Yer ve semanın birbirinden iki kıta gibi ayrıldığı, insanın Tanrılığa soyunarak kutsalın bütün işaretlerini yeryüzünden silmeye çalıştığı bir zamanda, bir direniş adası olarak iman. Virgil’in sözünü tekrar ederek, ‘Tanrılara boyun eğdiremezsem ben de cehennemi hararetlendiririm’ diyen müfsitlere inat, insanın yükseliş imkanlarına inanç.
Doğayı ve insanı tahrip ederek yeryüzünde hükümranlık kurmak isteyenlere de şifa verebilecek bir çift sözümüz olmalı. İnsan hastalanırsa tabiat hastalanır, tabiat hastalanırsa da insan. Küçük âlem ile büyük âlem ilahi bir bağla birbirine bağlıdır. Yaratılmışlar arasında yalnızca insan dünyayı tahrip edebilme gücüne sahiptir. İnsanın ödevi barış ve dengeyi tesis etmektir yeryüzünde. ‘Daha özel olarak İslam’ın rolü, insanın nihai iyiliğini isteyen bir görüşle, yer ve gök arasındaki dengeyi kurmaktan ibarettir… Allah’la uyum içinde yaşamadıkça âlemle uyum içinde yaşayamayız’ der William Chittick.

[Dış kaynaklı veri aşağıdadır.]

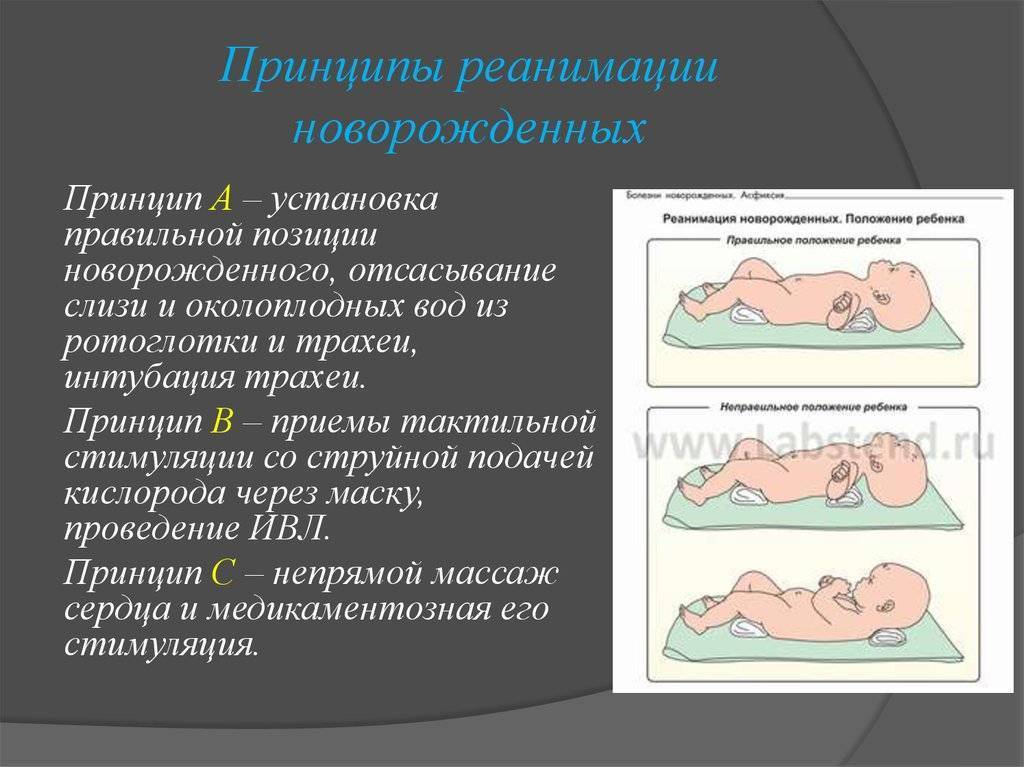 Реанимация новорожденного:оборудование, набор лекарств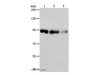 Western Blot analysis of Hela, 231 and 293T cell using PIWIL4 Polyclonal Antibody at dilution of 1:550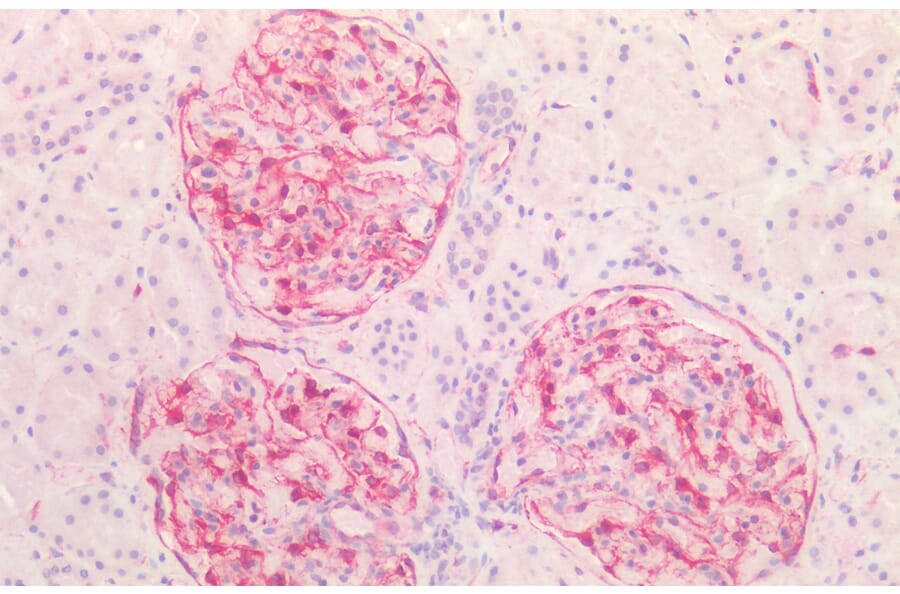 Immunohistochemistry - Anti-Vimentin Antibody (A85007) - Antibodies.com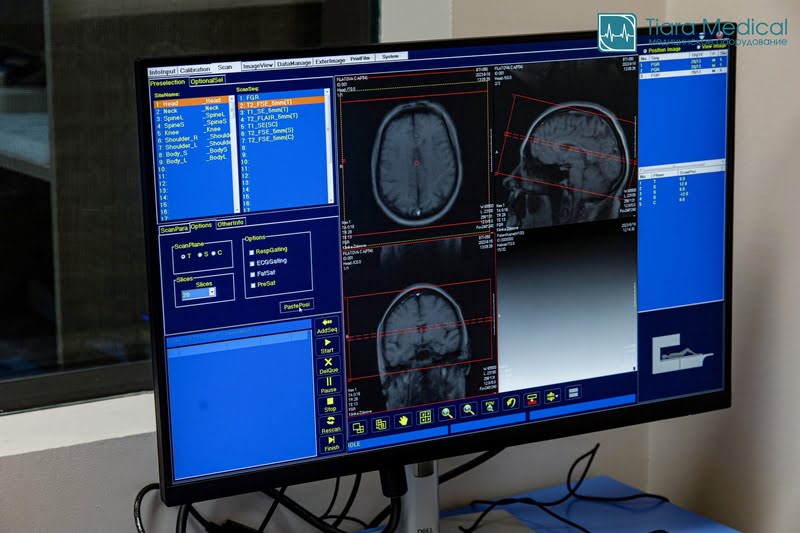 Basda BTI 050 – диагностика головного мозга, позвоночника, суставов, внутренних органов с отличной визуализацией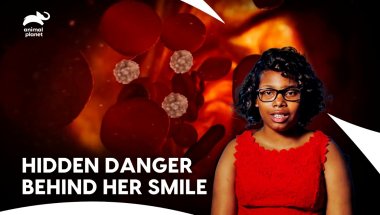 When Braces Trigger a Deadly Medical Mystery | Monsters Inside Me | Animal Planet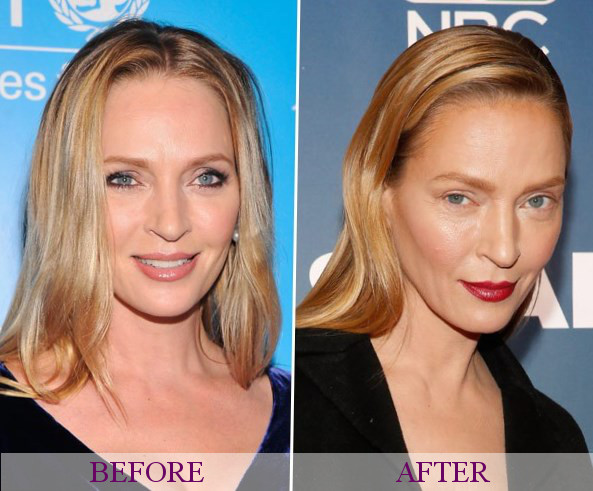 Celebrity Uma Thurman Plastic Surgery Photos Video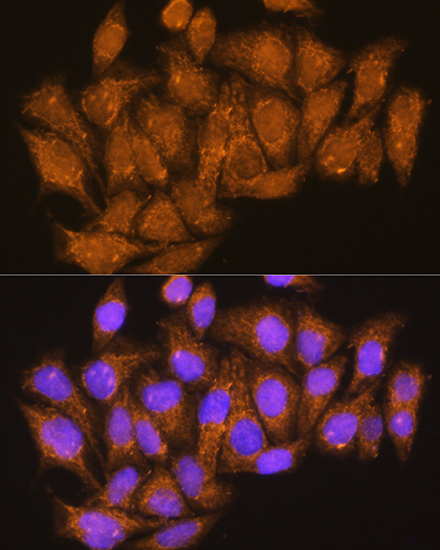 Immunofluorescence analysis of HeLa cells using ATP6V1E1 Rabbit pAb  at dilution of 1:100
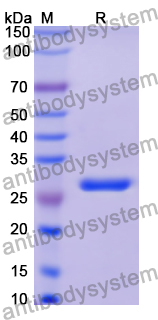 Recombinant Human BCL3 Protein, N-His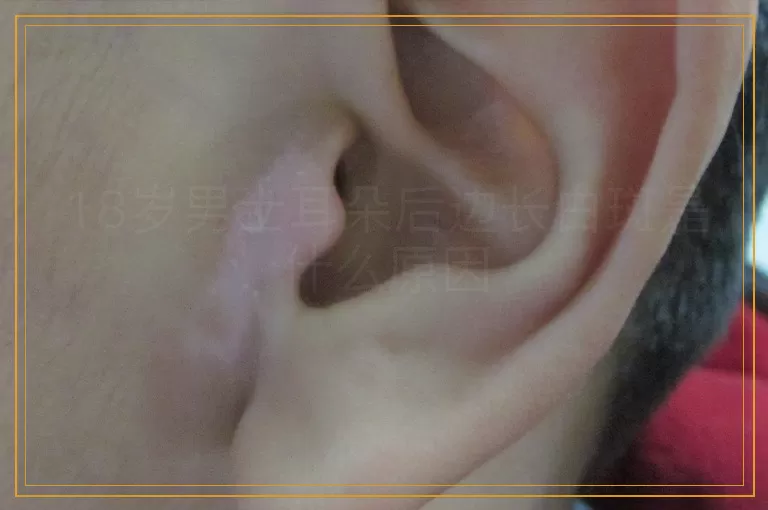 18岁男士耳朵后边长白斑是什么原因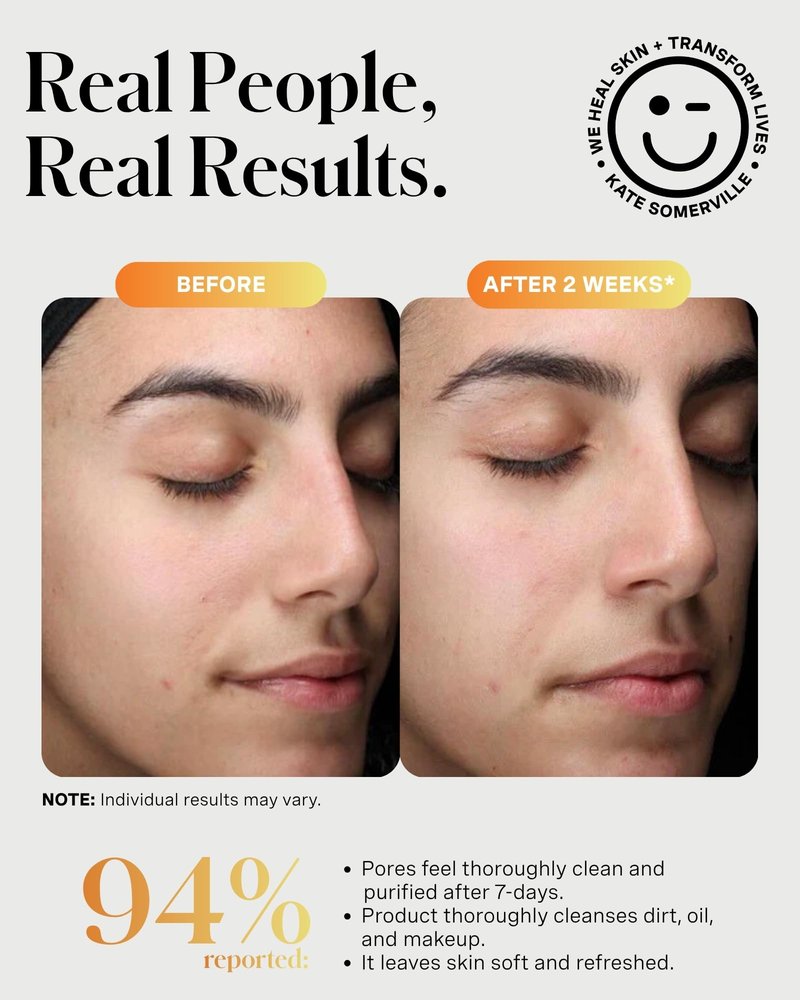 Kate Somerville ExfoliKate Cleanser – Daily Exfoliating Foaming Face Wash, Clinically Formulated Glycolic Acid and Lactic Acid Gentle Facial Scrub, Travel-Size, 1.7 Fl Oz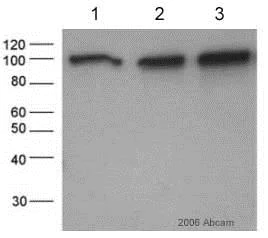 Western blot - Anti-beta Catenin antibody (AB6302)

Üzerimize yağan bombalar, belki de Allah’ın sözlerini hâlâ duyabilen ve insanlığa hâlâ bir şeyler fısıldayabilecek son insanları da susturmak içindir. Masumlara kendi kalplerinden öte bir sığınak yoktur. Hâlâ Tanrı’yı hatırlayabilenler, neoliberal iktisadın ‘loser’larıdır. Masumların bütün kuvveti güçle ayartılamamaları, parayla baştan çıkarılamamaları, reklam ve propagandayla kandırılamamalarıdır. Onlar, dünyanın onca gürültüsü içinde, Allah’ı işitmeye devam ederler.